Peut-être est-ce le cas. Avant elle, en août 2021, l’album Solar Power de l’artiste néo-zélandaise Lorde m’avait aussi prise au dépourvu de la même façon. Après nous avoir tous et toutes habitué.e.s à une pop nocturne injectée de rage de vivre, la chanteuse de 25 ans était effectivement revenue sur les devants de la scène avec une production musicale beaucoup plus apaisée et contemplative, tenant plus de la séance de yoga sur une plage vide que de la fin de soirée alcoolisée, du mascara sur les joues. L’accueil de Solar Power sera d’ailleurs fortement mitigé, du côté des fans comme du côté des médias. « Il a fallu un certain temps aux gens pour comprendre l’album », reconnaît Lorde elle-même dans une infolettre douce-amère du 21 juin. « Cette réponse était vraiment déconcertante et parfois douloureuse. »
À la recherche de notre sauveur
Tout changement chez nos artistes préféré.e.s est souvent vécu comme une trahison personnelle. Lorsqu’on s’attache à ces musiciens et musiciennes, on s’attache le plus souvent à ce qu’ils ont été à l’instant T de notre découverte et cette version devient alors la version suprême, à nos yeux. Ce lien émotionnel est fort, surtout si l’on a connu l’artiste à un moment de notre vie où tout partait en vrille et que la musique était la seule bouée flottant à la surface des ruines.
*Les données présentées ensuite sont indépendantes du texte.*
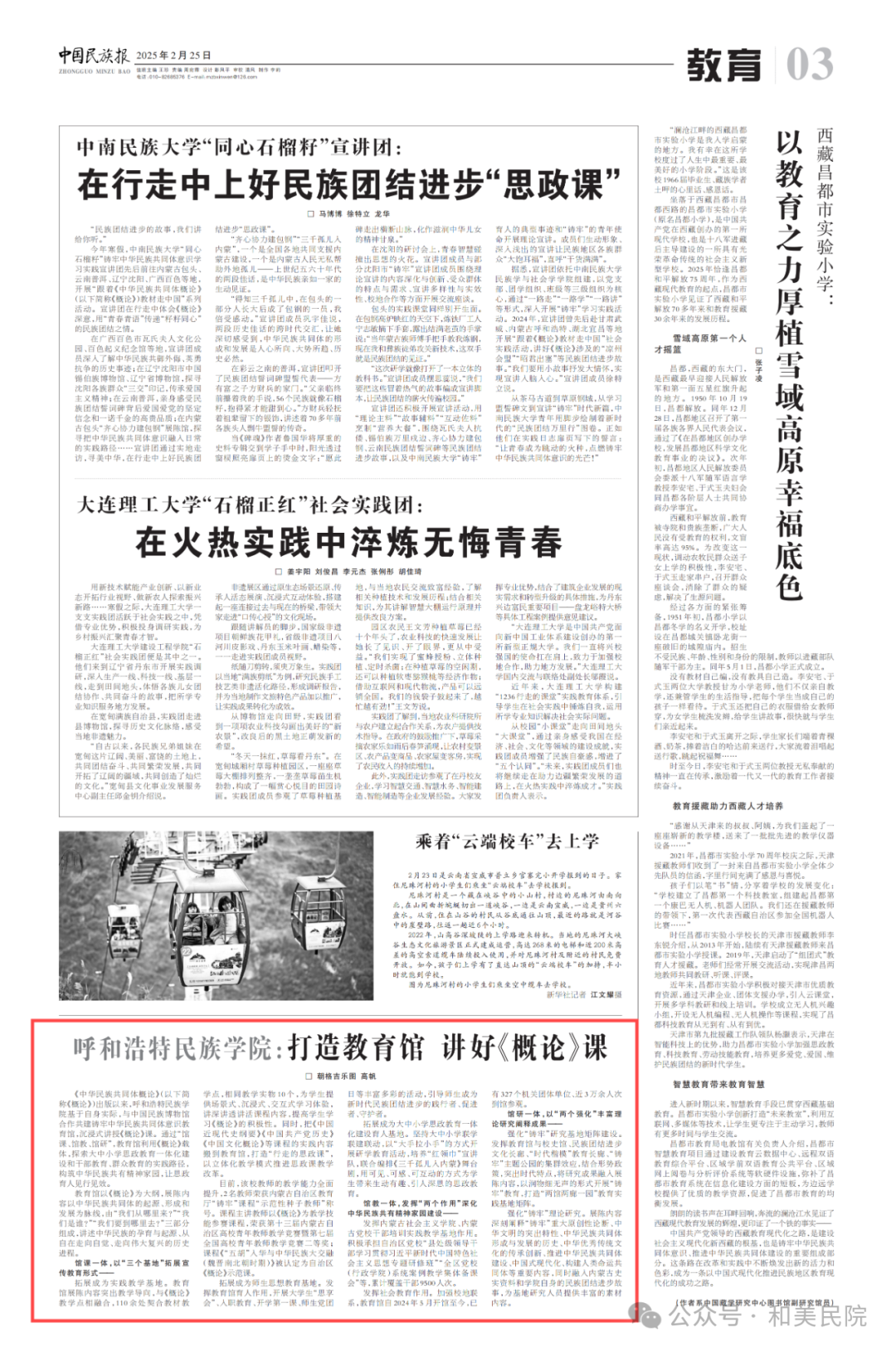 《中国民族报》刊发文章：MILE米乐集团：打造教育馆 讲好《概论》课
« Tu as besoin de quelqu’un pour porter ta peine pour toi ? Eh bien, ce n’est pas moi. »
Il est donc projeté sur l’artiste un rôle de béquille, voire de sauveur ou de sauveuse, qui repose sur la continuité d’un même style et d’une même musicalité, telle une constante rassurante. Le revers de cela est que ce rôle incombe les artistes d’une mission aussi moralement lourde qu’artistiquement restrictive. Lorde elle-même refusera cette charge dans son titre The Path en chantant : « Tu as besoin de quelqu’un pour porter ta peine pour toi? Eh bien, ce n’est pas moi ». Comme ça, c’est dit.
CRÉER LA SURPRISE
Mais, élément paradoxal : nous n’aimons pas non plus voir nos artistes préféré.e.s faire du sur-place. Il est ainsi continuellement reproché au rappeur Drake de ne jamais se renouveler, chaque nouvel album semblant être une version réchauffée du précédent. Un peu comme s’il avait un beau jour trouvé la formule musicale parfaite située entre le speech du beau-parleur et la vulnérabilité d’une séance de psy, mais qu’il l’employait depuis à outrance jusqu’à se caricaturer lui-même.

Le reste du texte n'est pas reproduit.